=== Begin Enclosure ===

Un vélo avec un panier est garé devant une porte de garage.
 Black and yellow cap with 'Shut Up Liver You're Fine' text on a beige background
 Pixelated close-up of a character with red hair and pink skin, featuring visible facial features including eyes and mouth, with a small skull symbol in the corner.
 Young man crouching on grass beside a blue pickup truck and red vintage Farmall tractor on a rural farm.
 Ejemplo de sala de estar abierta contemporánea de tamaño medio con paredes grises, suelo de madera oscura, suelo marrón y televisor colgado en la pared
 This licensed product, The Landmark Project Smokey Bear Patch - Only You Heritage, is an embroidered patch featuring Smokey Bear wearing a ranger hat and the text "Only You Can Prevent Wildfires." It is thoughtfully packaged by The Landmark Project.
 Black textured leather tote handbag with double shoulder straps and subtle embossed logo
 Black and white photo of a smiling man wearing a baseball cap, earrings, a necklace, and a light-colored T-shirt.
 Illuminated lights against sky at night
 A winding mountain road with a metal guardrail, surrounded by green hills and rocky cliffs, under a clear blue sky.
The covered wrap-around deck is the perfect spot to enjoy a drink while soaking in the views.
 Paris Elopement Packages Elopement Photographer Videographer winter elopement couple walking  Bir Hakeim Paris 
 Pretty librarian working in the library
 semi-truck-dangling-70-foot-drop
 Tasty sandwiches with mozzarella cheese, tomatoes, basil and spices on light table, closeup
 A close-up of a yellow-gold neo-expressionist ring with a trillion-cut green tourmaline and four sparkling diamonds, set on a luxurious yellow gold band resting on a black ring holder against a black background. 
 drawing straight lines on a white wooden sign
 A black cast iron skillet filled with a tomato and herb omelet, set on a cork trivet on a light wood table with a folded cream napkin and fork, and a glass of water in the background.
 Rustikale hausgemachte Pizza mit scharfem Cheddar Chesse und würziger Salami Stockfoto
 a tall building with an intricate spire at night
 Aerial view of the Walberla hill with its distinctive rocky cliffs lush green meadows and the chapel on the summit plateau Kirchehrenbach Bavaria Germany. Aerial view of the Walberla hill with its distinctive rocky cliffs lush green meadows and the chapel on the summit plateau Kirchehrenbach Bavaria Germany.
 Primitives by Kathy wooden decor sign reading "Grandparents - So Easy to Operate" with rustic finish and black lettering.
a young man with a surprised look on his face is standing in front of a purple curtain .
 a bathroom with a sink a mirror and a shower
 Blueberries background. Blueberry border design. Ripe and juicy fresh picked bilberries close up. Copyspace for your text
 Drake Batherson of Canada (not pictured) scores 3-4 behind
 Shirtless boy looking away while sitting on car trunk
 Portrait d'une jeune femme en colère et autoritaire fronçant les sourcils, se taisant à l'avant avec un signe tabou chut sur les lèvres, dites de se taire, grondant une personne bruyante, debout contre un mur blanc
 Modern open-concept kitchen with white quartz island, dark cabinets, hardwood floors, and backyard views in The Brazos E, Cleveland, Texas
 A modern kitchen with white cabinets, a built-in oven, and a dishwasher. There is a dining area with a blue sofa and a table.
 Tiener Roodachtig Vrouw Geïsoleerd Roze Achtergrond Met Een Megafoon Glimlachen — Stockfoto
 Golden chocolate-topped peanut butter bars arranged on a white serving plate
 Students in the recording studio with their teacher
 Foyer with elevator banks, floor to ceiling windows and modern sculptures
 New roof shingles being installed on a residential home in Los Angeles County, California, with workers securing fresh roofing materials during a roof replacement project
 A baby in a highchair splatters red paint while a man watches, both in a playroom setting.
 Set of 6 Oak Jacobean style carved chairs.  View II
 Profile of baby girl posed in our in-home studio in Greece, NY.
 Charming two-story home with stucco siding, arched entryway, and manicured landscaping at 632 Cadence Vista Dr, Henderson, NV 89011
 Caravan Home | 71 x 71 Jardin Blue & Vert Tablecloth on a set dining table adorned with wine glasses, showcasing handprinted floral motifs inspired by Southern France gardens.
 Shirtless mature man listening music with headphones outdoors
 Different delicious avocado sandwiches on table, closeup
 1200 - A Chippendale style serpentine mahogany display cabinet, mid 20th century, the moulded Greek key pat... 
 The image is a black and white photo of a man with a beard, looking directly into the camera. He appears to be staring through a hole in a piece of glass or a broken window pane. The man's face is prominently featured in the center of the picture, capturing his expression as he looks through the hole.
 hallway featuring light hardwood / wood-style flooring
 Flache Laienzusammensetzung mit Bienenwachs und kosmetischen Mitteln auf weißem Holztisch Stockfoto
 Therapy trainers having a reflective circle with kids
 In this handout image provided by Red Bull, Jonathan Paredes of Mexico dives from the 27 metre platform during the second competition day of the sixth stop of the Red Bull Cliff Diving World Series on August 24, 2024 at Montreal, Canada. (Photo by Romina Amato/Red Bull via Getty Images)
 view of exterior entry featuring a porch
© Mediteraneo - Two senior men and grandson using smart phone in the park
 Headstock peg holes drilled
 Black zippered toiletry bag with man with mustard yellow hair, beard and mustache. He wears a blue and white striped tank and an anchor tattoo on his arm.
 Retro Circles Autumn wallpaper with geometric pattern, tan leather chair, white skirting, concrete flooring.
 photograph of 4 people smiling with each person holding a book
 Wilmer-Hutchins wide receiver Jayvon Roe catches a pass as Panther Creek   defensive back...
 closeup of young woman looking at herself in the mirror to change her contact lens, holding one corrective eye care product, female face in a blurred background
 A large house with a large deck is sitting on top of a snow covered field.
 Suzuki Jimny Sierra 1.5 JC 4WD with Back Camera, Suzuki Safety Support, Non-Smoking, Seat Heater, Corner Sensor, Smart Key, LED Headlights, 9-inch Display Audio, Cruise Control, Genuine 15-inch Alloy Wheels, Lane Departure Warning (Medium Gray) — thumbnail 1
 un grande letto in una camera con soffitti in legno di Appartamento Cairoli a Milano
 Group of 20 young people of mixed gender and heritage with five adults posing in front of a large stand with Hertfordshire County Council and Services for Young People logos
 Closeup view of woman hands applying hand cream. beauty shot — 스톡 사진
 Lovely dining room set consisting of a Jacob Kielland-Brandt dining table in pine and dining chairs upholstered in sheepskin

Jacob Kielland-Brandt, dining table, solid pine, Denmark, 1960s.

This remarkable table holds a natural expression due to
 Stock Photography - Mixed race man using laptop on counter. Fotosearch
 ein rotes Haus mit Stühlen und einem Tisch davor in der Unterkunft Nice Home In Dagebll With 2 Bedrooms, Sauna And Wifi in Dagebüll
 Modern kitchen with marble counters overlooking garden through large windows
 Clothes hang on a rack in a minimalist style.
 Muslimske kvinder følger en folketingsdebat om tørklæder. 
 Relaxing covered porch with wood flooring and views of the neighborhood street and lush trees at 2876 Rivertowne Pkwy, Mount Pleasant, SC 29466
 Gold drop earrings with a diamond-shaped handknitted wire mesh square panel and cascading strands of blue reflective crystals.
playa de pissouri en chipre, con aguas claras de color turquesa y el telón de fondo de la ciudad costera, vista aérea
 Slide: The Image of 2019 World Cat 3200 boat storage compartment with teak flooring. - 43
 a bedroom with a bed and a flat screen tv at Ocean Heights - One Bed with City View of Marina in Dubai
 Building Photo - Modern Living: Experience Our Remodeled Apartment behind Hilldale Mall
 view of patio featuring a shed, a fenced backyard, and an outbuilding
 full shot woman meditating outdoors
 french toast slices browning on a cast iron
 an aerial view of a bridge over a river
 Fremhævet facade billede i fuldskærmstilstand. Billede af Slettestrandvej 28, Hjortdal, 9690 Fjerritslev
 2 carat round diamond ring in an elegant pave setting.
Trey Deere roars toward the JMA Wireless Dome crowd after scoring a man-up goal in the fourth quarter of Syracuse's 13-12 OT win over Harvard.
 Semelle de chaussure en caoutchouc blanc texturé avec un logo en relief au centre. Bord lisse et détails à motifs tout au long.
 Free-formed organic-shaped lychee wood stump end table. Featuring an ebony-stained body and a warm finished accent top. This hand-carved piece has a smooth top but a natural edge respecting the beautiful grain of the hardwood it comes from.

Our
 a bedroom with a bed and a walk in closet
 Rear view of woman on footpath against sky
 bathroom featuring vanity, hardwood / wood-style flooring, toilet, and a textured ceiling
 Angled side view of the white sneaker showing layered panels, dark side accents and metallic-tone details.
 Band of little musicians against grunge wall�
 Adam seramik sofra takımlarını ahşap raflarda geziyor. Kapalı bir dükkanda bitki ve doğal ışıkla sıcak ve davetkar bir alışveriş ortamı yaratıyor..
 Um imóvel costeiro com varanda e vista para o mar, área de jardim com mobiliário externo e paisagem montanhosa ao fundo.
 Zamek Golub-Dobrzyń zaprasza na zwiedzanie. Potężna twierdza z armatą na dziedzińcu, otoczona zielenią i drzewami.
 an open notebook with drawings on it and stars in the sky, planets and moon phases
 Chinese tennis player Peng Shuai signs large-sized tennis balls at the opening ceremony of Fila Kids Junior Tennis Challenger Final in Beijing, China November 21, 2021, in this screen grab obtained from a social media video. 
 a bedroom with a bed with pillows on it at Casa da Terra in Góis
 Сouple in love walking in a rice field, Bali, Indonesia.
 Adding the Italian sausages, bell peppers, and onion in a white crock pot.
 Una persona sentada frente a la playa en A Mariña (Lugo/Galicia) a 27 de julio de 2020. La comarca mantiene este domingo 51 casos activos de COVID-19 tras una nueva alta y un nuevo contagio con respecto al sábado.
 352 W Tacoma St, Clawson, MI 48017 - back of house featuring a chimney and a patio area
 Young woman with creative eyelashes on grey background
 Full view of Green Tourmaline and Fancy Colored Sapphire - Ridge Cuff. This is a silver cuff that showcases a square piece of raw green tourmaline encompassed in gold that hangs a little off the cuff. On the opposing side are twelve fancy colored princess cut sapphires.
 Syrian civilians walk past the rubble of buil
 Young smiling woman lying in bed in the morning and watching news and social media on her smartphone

=== End Enclosure ===

REQUIREMENT
The required output is the exact run of lines from the beginning of the records to the line with "Black and yellow", that line included.

YOUR RESPONSE
Un vélo avec un panier est garé devant une porte de garage.
 Black and yellow cap with 'Shut Up Liver You're Fine' text on a beige background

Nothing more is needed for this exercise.